Serena Williams Trys Her Hand At Writing… and Mainly Suceeds
I went through all the different motions when Serena announced she was putting pen to paper, (or someone else’s pen to paper), and producing a ‘set of memoirs’. I was at first excited. Excited because I am obsessed with the world of tennis, I am a reluctant Serena Williams fan, and I am a self proclaimed book worm. Then Serena Williams discovered Twitter. What followed was a series of shameless self promoting tweets from, ‘does anyone know the title of my new book?’, to reminding us on the release date of her book, to just plain advertising. I swore I would never read it.
A a month or so later I went back on my word. Browsing Borders due to a lack of things to do, I stumbled across Serena’s book, strangely titled ‘Queen of the Court’ in New Zealand. Why they changed the title I have no idea, but I flicked through and yes it was the same book she had promoted endlessly building up to it’s release. I checked the Borders’ price tag, and hurried down to Whitcoulls to buy it.
I do not regret it. Serena’s book is an easy and interesting read, with an in depth view on the tennis events that have shaped her life, small and large. Her childhood was particulary fascinating to read about. No matter what you think of Serena, her stories from playing on the cracked asphalt courts of Compton with flat tennis balls, progressing through to entering her first tournament against her father’s will, to the Indian Wells controversy and her first Grand Slam, are all mesmerising and entertaining for any tennis fan. Not to mention brave, Serena is very honest and open in her book. Many times I thought back to this years US Open controversy and feel that, although the book was written before that, I have gained better insight into why she acted so.
Serena’s book also put her father in a very positive light. I have always had utmost respect for the Williams family, but now I feel I have the facts to back up my ‘Richard was not a bad tennis parent’ claims. I also feel like I understand her reasons behind her decision to never play Indian Wells again, (no point in asking, she won’t EVER play there again). It is as if Serena knew exactly what we wondered about her, and set her mind to telling it.

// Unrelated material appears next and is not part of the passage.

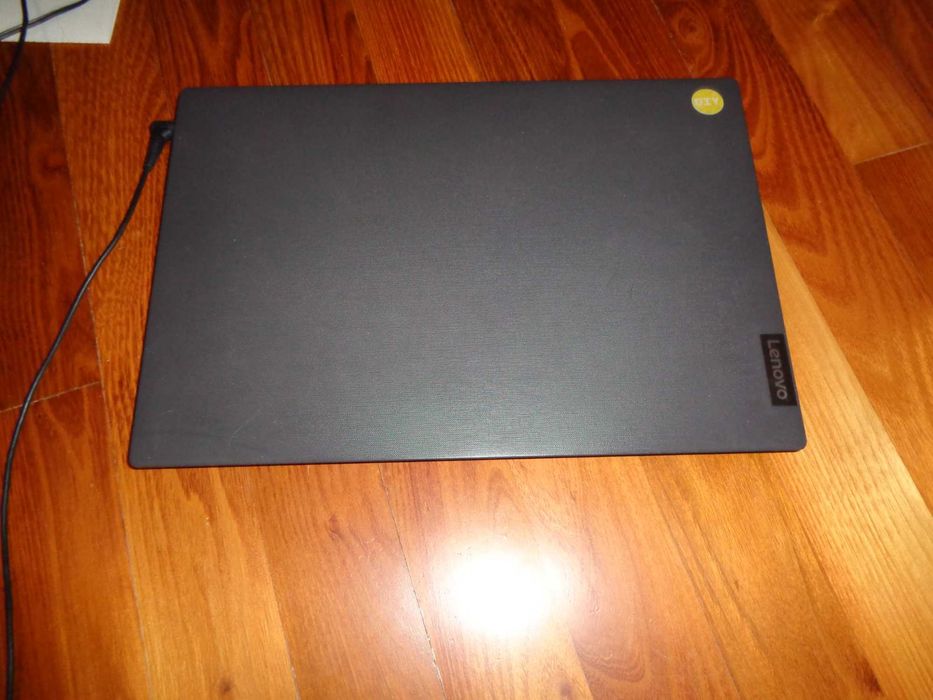 vind laptop LENOVO  V 15  I7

Technically, Serena dedicates a chapter to her relationship with Venus, but really, the whole book centres around it. I even got a little emotional when she admited that without Venus she doubts she would have won as many Slams. Most people assume she would have won more, but Serena makes it clear that her admiration and, at times, jealousy of Venus pushed her to accomplish all she could.
She mentions other players, but you only get a slight feeling for whom she admires and likes. She had nothing but warm words for Kim Clijsters, her opponent in that infamous Indian Wells match. Serena also seems to have a soft spot for Daniela Hantuchova, exclaiming she has the most fantastic legs. She has a lot of admiration for Roger Federer, mentioning him several times during the US Open 08 part of the book, calling him really funny and openly supporting him. If I wasn’t won over by the passion and honesty of Serena by this point, her kind words of Roger propelled me from reluctant fan to proud fan.
Serena’s book isn’t perfect, but it is honest and absorbing, especially her views on her body image. I imagine her editor reigned in as much as the preaching as he could, as I found her comments on her faith did not annoy me quite as much as I was expecting. I would have liked more thoughts and feelings from her first Slam win, and I thought the Indian Wells chapter was in an odd place chronologically. As a tennis fan I would have loved more game analysis, but I know that that wouldn’t appeal to the general public and this is a book that doesn’t want to be exclusively for fans.
It is lovely to read an autobiography, (sorry, Serena, but that is what it is, whether it is yout last or not), by an active player. I would highly recommend it to all tennis people, no matter how they feel about Serena. Whether they suceeded in appealing to the masses I have no idea, perhaps someone a little less emotionally invested in tennis could let me know.
Overall an absorbing read and a must for all tennis fans.